As a fan of Richard Donner and an armchair archaeologist, I was hoping that the big budget adaptation of Michael Crichton’s time travel novel would, at the very least, provide some mindless entertainment for two hours. Adaptations of Crichton’s canon have ranged from good (Jurassic Park), to bad (Sphere), to unwatchable (The 13th Warrior). Sadly, most have been of the later two categories, and Timeline is no exception.
The plot itself is moderately promising. As the film opens, a team of young archaeologists is working on an excavation site in France under the tutelage of Professor Edward Johnston (Billy Connolly). Along for the ride is the professor’s son (Paul Walker), who is more interested in romancing one of the diggers (Frances O’Conner) than actually finding anything. Growing suspicious of the source of the project’s funding, Johnston heads to New Mexico to meet with the financier (David Thewlis). No sooner is the professor gone than the students make a truly fascinating find–a chamber that has been sealed for 600 years.
Inside, they discover two items that shouldn’t be there: a bifocal lens and a scrawled plea, dated April 2, 1357, from Professor Johnston. At first, the team assumes the find is a joke, despite the fact that such a trick would be out of character for their teacher. But when carbon dating proves that the parchment is in fact 650 years old, the students head back to the states, where they find that ITC, the dig’s benefactor, has created a time machine.
Initially intended to move items from place to place (and, hence, put FedEx and UPS out of business), ITC’s machine actually moves items through time. In fact, can also move people through time and, in this case, has sent Professor Johnston back to 1357. Naturally, his students are sent to rescue him.
The film progresses through a continuingly more improbably series of events, culminating in a hackneyed ending that sorely disappoints. While Crichton’s original novel was not his best, screenwriters Jeff Maguire and George Nofli have done what they can to excise any character development or motivation from the film. The characters are so one-dimensional and unlikable that when they start to get picked off one by one, you can’t help but root for the 14th century English knights to finish off the lot of them.
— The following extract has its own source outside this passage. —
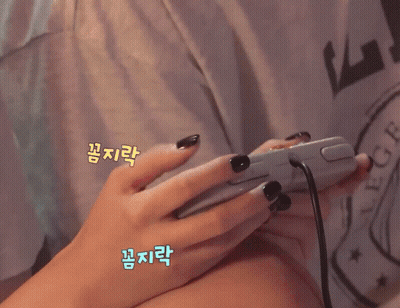A Girl Is Smiling While Playing A Video Game GIF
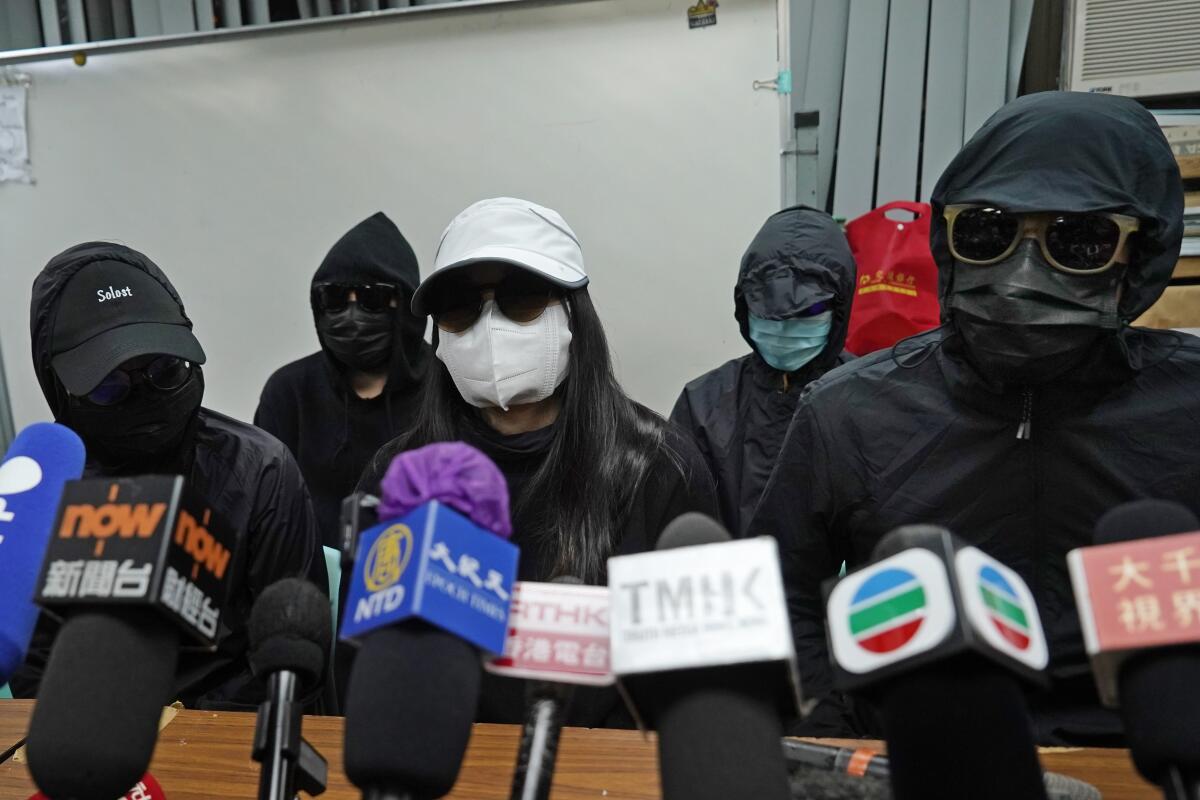 Relatives of 12 Hong Kong activists detained at sea by Chinese authorities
Wooden dialogue gets no help from Paul Walker’s even more wooden acting. The only “star” in the film, he seems less like a leading man and more like comic relief, particularly in moments when he’s required to speak. The chemistry between him and O’Conner is absolutely nil, making the romantic undercurrent for naught. A subplot involving one of the other time travelers and a French noblewoman fares little better, even though the entire thematic crux of the movie rests upon the outcome of their relationship. Billy Connolly provides one of the few bright spots, though his screen time is minimal compared to that of the other, younger actors.
The battle sequences are uninspiring and the final set piece, a castle siege, is yawn inducing. While the producers may have been relying on explosions and sword fights rather than acting or ploy to sell the film, the effects team didn’t bring much to the table. Even the time travel effects, seen only twice, look as if they could have been done on a reasonably well equipped home PC.
As a director, Donner appears simply to be going through the motions with Timeline. What could have at least been a moderately engaging, if mindless, ride turns into a complete dud of a movie without even a bit of humor or intensity.
The print quality, presented in widescreen anamorphic, is decent, though not spectacular. Sounds is available in standard stereo, Dolby 2.0, and Dolby 5.1. The later option is almost obnoxiously loud, with frequent and excessive use of the rear channels likely to rattle some viewers.
The features are relatively sparse, consisting only of three brief documentaries that provide little to no insight into the film or its background. No doubt the filmmakers wanted nothing more than to wash their hands of the whole big mess once it was over and done with.